Posterior Sampling by Combining Diffusion Models with Annealed Langevin Dynamics
This provides a computationally efficient method for posterior sampling in log-concave distributions, addressing a bottleneck in tasks like image reconstruction, though it is incremental as it builds on existing diffusion and Langevin techniques.
The paper tackles the problem of sampling from posterior distributions in noisy linear inverse problems, such as inpainting and MRI reconstruction, by proving that combining diffusion models with annealed Langevin dynamics achieves conditional sampling in polynomial time with an L^4 bound on score error.

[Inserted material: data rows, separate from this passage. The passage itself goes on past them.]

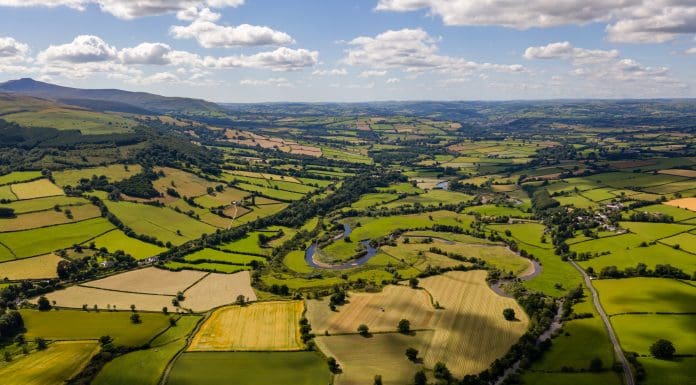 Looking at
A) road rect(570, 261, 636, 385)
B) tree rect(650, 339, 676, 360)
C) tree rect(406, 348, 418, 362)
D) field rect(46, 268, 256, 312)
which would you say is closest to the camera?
road rect(570, 261, 636, 385)

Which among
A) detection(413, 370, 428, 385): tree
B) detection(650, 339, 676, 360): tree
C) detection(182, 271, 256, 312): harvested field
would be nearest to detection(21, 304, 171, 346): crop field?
detection(182, 271, 256, 312): harvested field

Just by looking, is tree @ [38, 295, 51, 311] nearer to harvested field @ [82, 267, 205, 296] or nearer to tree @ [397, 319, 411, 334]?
harvested field @ [82, 267, 205, 296]

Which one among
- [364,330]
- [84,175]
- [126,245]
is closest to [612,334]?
A: [364,330]

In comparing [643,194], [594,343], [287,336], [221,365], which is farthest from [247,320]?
[643,194]

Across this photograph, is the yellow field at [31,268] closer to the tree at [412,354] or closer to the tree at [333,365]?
the tree at [333,365]

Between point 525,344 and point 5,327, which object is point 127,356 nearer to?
point 5,327

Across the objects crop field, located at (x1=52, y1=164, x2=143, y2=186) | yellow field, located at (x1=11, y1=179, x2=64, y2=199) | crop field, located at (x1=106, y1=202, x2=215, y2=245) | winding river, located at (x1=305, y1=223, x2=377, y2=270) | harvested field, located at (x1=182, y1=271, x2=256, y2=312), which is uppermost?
crop field, located at (x1=52, y1=164, x2=143, y2=186)

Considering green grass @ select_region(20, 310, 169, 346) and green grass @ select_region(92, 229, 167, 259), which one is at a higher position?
green grass @ select_region(92, 229, 167, 259) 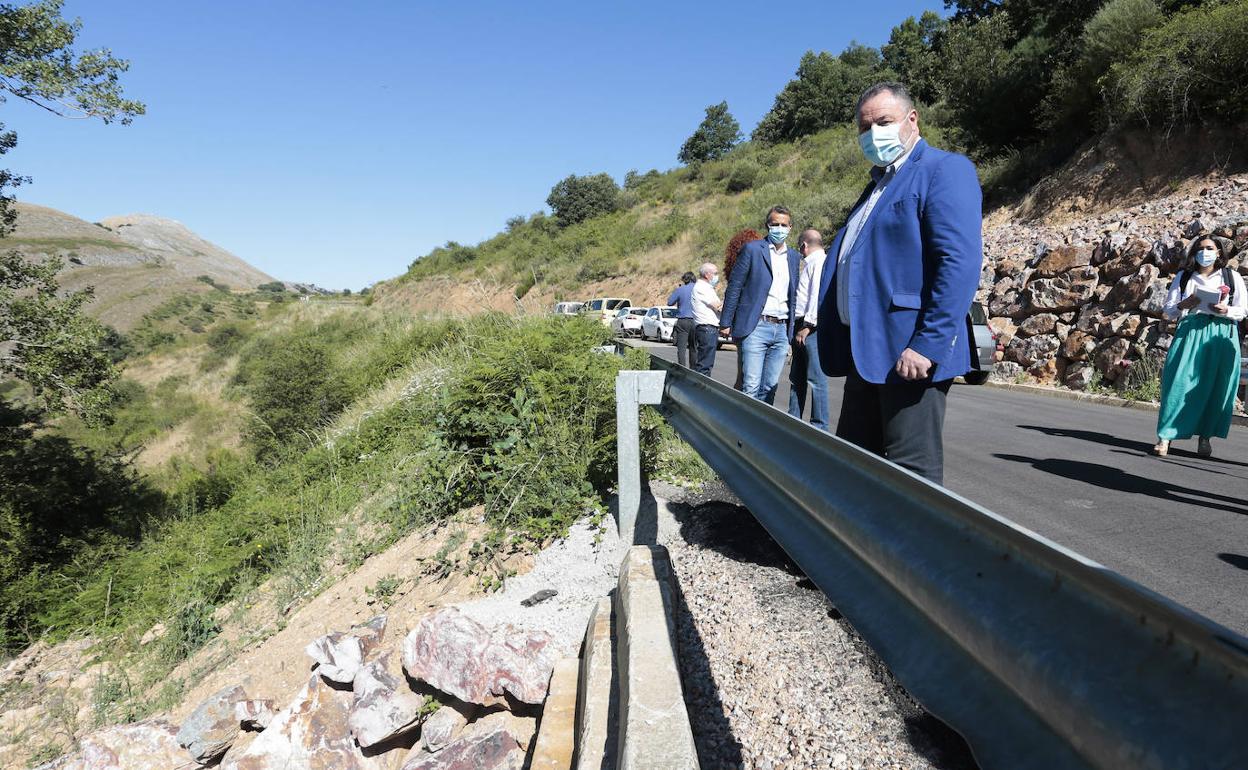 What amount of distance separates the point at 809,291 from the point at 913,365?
414cm

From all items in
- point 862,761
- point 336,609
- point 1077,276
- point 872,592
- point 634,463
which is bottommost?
point 336,609

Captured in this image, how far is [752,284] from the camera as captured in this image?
6.38 m

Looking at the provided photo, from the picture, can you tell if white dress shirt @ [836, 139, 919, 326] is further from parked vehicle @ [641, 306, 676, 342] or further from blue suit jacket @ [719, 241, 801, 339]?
parked vehicle @ [641, 306, 676, 342]

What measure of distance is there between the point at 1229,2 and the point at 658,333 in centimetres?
1868

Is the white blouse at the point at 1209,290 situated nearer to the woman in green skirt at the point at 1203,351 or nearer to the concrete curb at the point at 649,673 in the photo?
the woman in green skirt at the point at 1203,351

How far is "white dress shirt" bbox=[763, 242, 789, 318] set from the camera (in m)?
6.46

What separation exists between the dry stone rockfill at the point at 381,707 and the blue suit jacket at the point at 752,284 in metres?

Given a noisy linear measurement $y = Ax + ξ$ of a distribution $p(x)$, and a good approximation to the prior $p(x)$, when can we sample from the posterior $p(x \mid y)$? Posterior sampling provides an accurate and fair framework for tasks such as inpainting, deblurring, and MRI reconstruction, and several heuristics attempt to approximate it. Unfortunately, approximate posterior sampling is computationally intractable in general. To sidestep this hardness, we focus on (local or global) log-concave distributions $p(x)$. In this regime, Langevin dynamics yields posterior samples when the exact scores of $p(x)$ are available, but it is brittle to score--estimation error, requiring an MGF bound (sub-exponential error). By contrast, in the unconditional setting, diffusion models succeed with only an $L^2$ bound on the score error. We prove that combining diffusion models with an annealed variant of Langevin dynamics achieves conditional sampling in polynomial time using merely an $L^4$ bound on the score error.